The early childhood of Long Island, NY native Caroline Kwas was spent outdoors roaming the fields, woods, and beautiful Atlantic beaches. Her early education steered her to excel in science and math, and she initially began university studies as a biochemistry major. However, an elective painting class to fulfill a liberal arts requirement changed her life. Within a year, she had exchanged a life of laboratories and lecture halls for one of creative passion. After receiving a Bachelor of Fine Arts from the Fashion Institute of Technology in New York, NY, she left the bustle of the Big Apple for the windswept, solitary shores of Montauk, Long Island.
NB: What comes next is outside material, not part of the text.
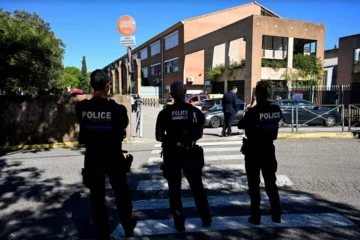 Des policiers devant le collège Joseph-Lakanal à Aubagne, le 12 octobre 2026 ( AFP / Miguel MEDINA )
The tumbles of colorful stones along the ocean shore and variety of shells directed her work in what would become her photorealistic Intimate Landscapes series.
Completing a Master’s in Literacy Education, she continued to paint and exhibit on the outdoor art show circuit while teaching middle school. A chance sighting of the Arizona Fine Art Expo call-for-artists quickly changed her direction from full-time teacher to full-time artist. She was accepted to the three-month show, and upon arriving in Arizona, fell in love with the Southwest. Her work evolved into a color-filled playful contemporary realism inspired by the Southwest masters Georgia O’Keeffe, Ed Mell, Maynard Dixon, and Edgar Payne. She earned recognition within the National Parks System, where she was Artist-in-Residence at Mojave National Preserve in 2016.
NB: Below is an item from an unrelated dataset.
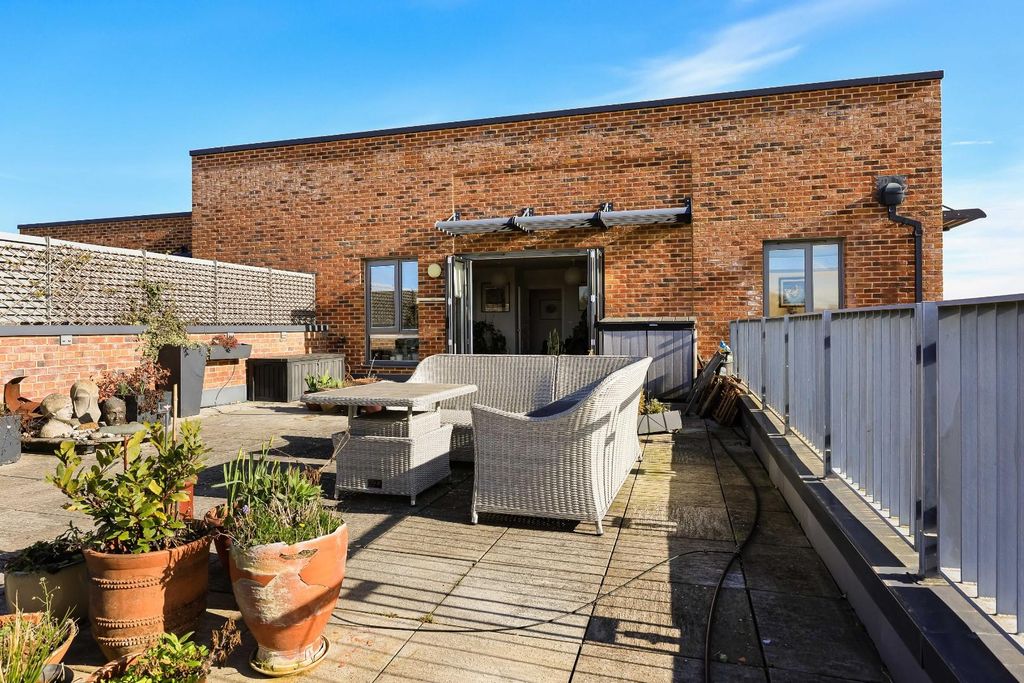 Additional image 16 of 3 bed flat for saleRenard Way, Trumpington, Cambridge CB2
Continually inspired by the colors of the Southwest’s majestic dawns and fiery sunsets, Caroline is drawn to the abstraction of natural forms created in the desert landscape illuminated in such magical light. The saguaro is a common subject in her paintings. For her, it represents endurance, persistence, and perseverance in the desert’s harsh climate. The saguaro’s spirit is a reflection of her own.
"I have painted in oil since I first picked up a brush over thirty years ago. I’ve always loved bold splashes of color, and the strong lines I use come from my love of geometry and math, which reflect the mathematical patterns that are repeated throughout nature. They flow across the canvas while layers of oil paint yield the rich colors that reflect my emotional response to nature, and find a home in the playful geometric contemporary realism that defines my current work.
I became a full-time artist when I purchased my first RV and then spent seven years traveling solo throughout the United States. I remember standing spellbound many nights when I first arrived in Arizona’s Sonoran Desert: where had I ever seen this much space? The vast expanses of the Southwest required a shift in my perspective once confronted by these awe-inspiring vistas. A purely realistic approach was not going to express the breathtaking spaces I felt here.
I am continually inspired by the colors of mystical dawns and fiery sunsets of the Southwest, and by the multitude of life in this harsh environment. The saguaro cactus, beyond being the ubiquitous icon of the desert, represents life force and the ability to thrive under adverse conditions. Art was not a career option growing up; in fact, it led to a split with my family. The saguaro in particular is a reflection of my spirit, and the riot of blossoms that appear every spring are an homage to the beautiful and multifaceted views of our own souls bursting forth with acceptance of our own true selves."